Now, I have been working on web applications for a while and have a pretty good handle on what I’m doing, but I certainly don’t know all there is to know about them. It’s a learning process. While my first few larger projects that I’ve undertaken have functioned properly, they are full of novice mistakes and workarounds that should not have been done, thus making alterations to the code very difficult. Maintenance is also an issue with those programs. But, considering their low utilization, I’m not too concerned about that or their performance. I look back on these projects and just shake my head at all the poor coding I did. If the client ever expressed interest in revamping the applications in question, I would–and much improve on them. But, as it stands, they aren’t worth my time to redo. For now, I can just look back on them and see where I’ve been and chalk up those projects as learning experiences.
If you do not have the experience to take on a large project, do not take it on. Even if the price is right. Chances are you won’t be able to complete it in time, and/or it will end up being a shoddy product that doesn’t work well (or at all). That sort of reputation will get attached to your name, making it difficult to land another project in the future. This also gives other programmers a bad name by passing along the idea that *all* programmers are incompetent. This isn’t so, and if you’re smart, this won’t apply to you.
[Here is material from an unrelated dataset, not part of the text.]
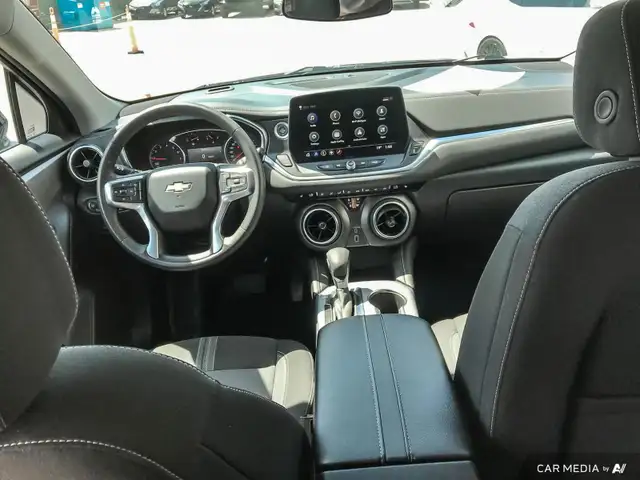 2024 Chevrolet Blazer LT Midnight Edition | Clean CARFAX in Cars & Trucks in Winnipeg - Image 25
So far, since I’ve only tackled smaller to medium-sized projects that weren’t very critical. I’ve built a reputation for putting together good, functioning web applications, and gained programming experience that way. This is the way it should be done–not the sink or swim method that many upcoming programmers tend to lean towards because in the programming world, unless you’re a total genius with this stuff…you’ll sink like a stone.
In time, once you master the smaller, non-critical applications, you can move up to the larger, more complex and critical applications. Trying the “sink or swim” method on this sort of endeavor is suicide, especially with a limited skill set. Like with anything, you can’t become a master at it just by reading one of those “learn how to program in 48 hours” books. Sure, you can learn the basics to get you started, but don’t expect to handle Morgan Stanley’s investment system and get paid the big bucks to work with it.
So, the best way to bridge the gap between theory and actually working with the language is to start small and keep building. Soon you’ll have a decent portfolio and the reputation of being the go-to guy for getting the job done right, rather than being the fool who flubbed it up the first time around.